Shot in the dark here, but I was hoping you might provide some clarification on the above information. This was posted by you at TL, but the "Trading the Wyckoff Way" thread is closed and I didn't want to clutter the SLA/Intraday thread yet so again - shot in the dark with posting this here.
I've been doing a bit of reading and this seems like quite the nugget of information if I could better understand the intent.
This template might be of help:
This template might be of help. Buying the selling climax is a testicular trade as the trader sometimes/often has little to go on beyond the apparent fact of the climax itself. The information risk is high. But if he's right, he can't ask for a better price. The price risk is low.
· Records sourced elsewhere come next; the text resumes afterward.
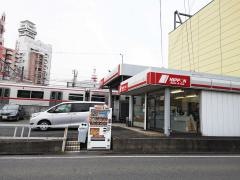 ニッポンレンタカー名古屋金山駅営業所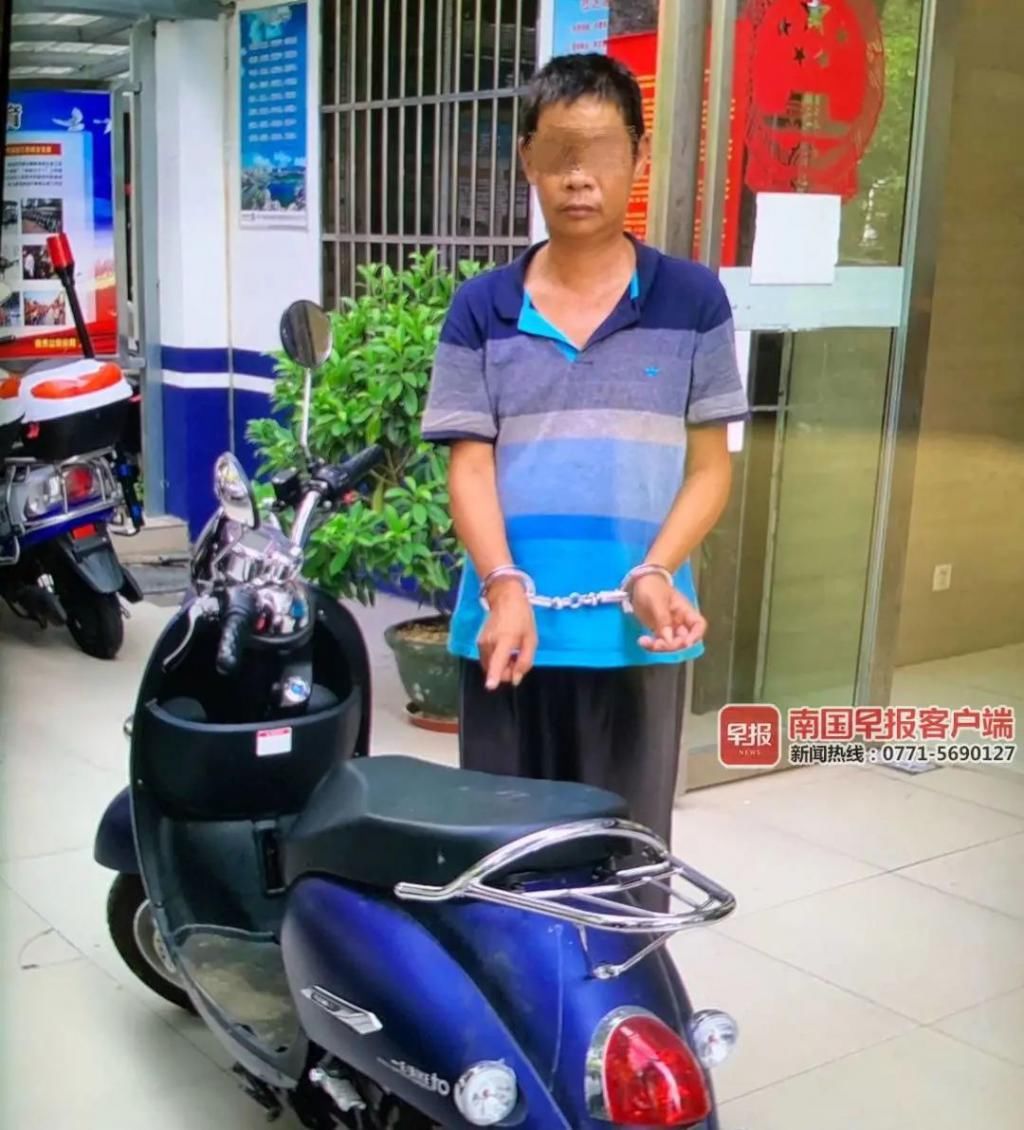  民警|一男子街头推车，民警上前帮忙，结果让人大跌眼镜！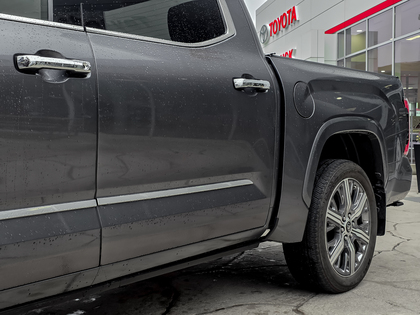 used 2023 Toyota Tundra car, priced at $76,899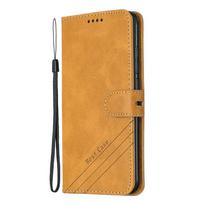 „Samsung Galaxy A51“ odinis atverčiamas dėklas „sFor Coque Samsung A51 A 51 A515F“ dangteliui, prabangiam magnetiniam piniginės telefono dėklui, etui. For Samsung A51 4G geltona
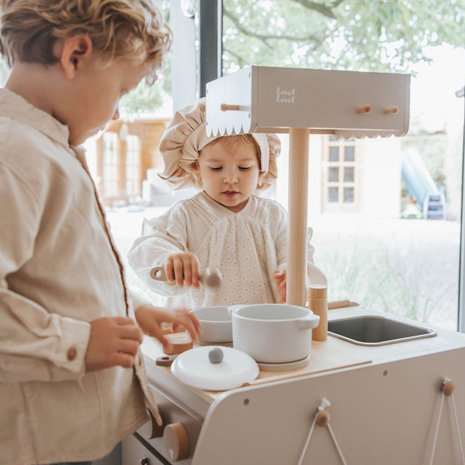 Label Label Bistro Kitchen - Nougat Label Label Bistro Kitchen - Nougat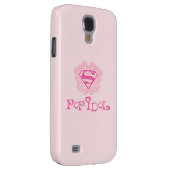 Supergirl Pop Idol Case-Mate Samsung Galaxy Hoesje (Back/Rechts)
The information risk is less on the test because price has something to test, i.e., the apparent climax, but price risk can be more as the test is so often higher (buying a test which is slightly lower is also a testicular trade). But if and when price can get past the last swing high, noted here by the dashed pink line, lower left, the odds are greater that this is/was a genuine climax and secondary reaction (test) and that the upswing is good to go. The information risk is less, but the price risk is greater because he's buying it so much higher than he would have had he bought the climax or, next best, the test.
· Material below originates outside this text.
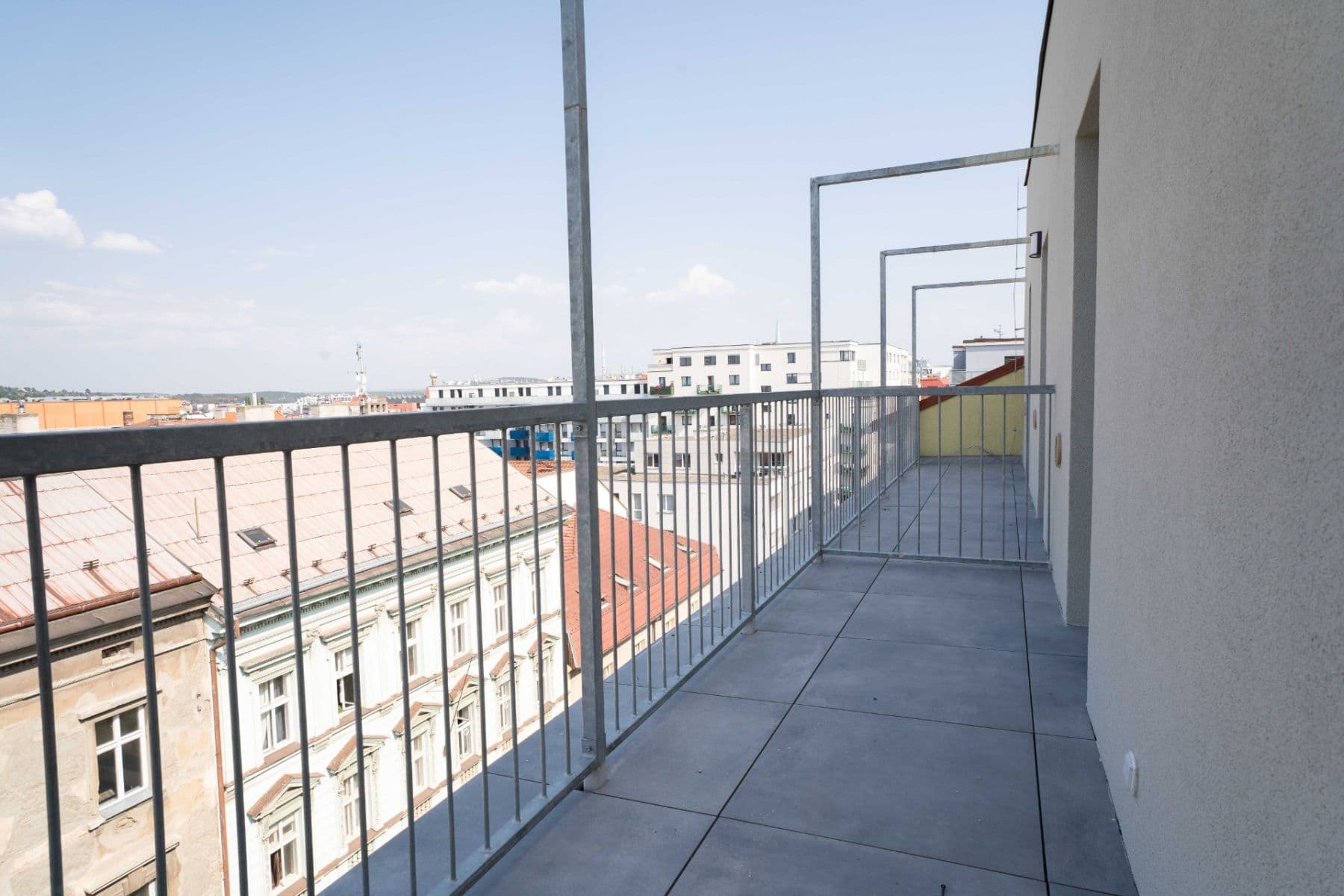 2 bedroom with open-plan kitchen flat to rent, 69 m², Kotkova, Plzeň, Plzeňský Region 2 bedroom with open-plan kitchen flat to rent, 69 m², Kotkova, Plzeň, Plzeňský Region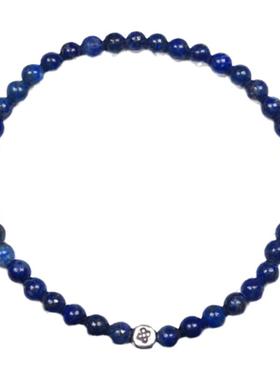 pohier简约首饰极细手串手链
The obvious difficulty comes in knowing whether or not one is looking at a climax or a test of preliminary support (those successive lower lows on the right; an example of this is also posted to the Volume thread at TL). Dunnigan had this problem as does Ross. And AMT can often provide the context for making this call. But sometimes price will plunge dramatically, as it did the middle of last October, and the only help that AMT can provide is the understanding that a plunge like that can't last. Buying such a plunge is extremely testicular. But, what if one just stands aside until the dust settles and waits for a less-information-risk entry, as in '97 (after the LTC plunge, one had two weeks to buy)? We're up 500pts since October. Who isn't going to be satisfied with that?
Calling these climaxes is not the slam dunk that the Wyckoff "experts" and the VSAans claim it is. If one is part of a collaborative effort, which trading forums used to be twenty years ago and an example of which Gringo provides in his threads, making these calls is far easier. But there is no such thing as a risk-free trade.
Specific questions and specific charts lead to specific examples, of course, but this may do in the meantime.